Start of DATA SECTION

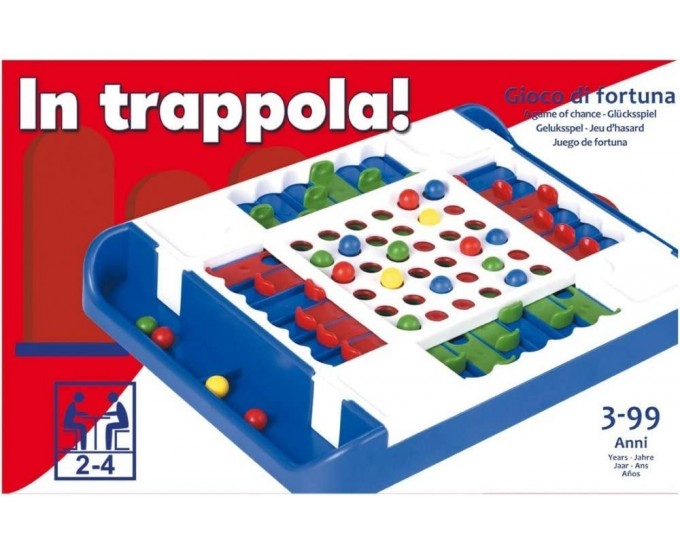 GIOCO IN TRAPPOLA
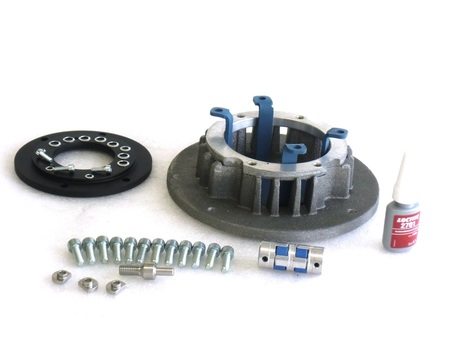DEMAG Mounting elements AG1-3 Z132 A-SG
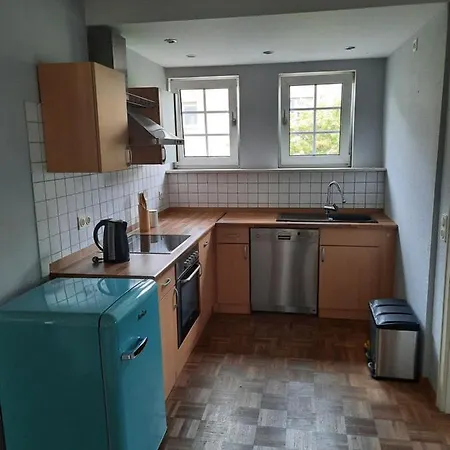 In Apartmán *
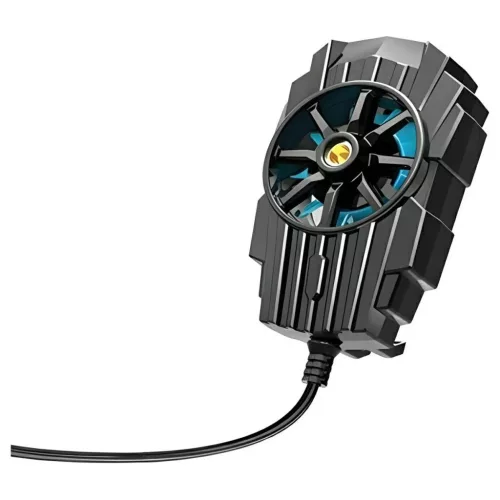 AWEI portable mini fan X31 fekete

End of DATA SECTION

_WHAT THE TASK ASKS_
The copy must match the listing above exactly but contain no pictures.

_ANSWER TO THIS PROBLEM_
 GIOCO IN TRAPPOLA
DEMAG Mounting elements AG1-3 Z132 A-SG
 In Apartmán *
 AWEI portable mini fan X31 fekete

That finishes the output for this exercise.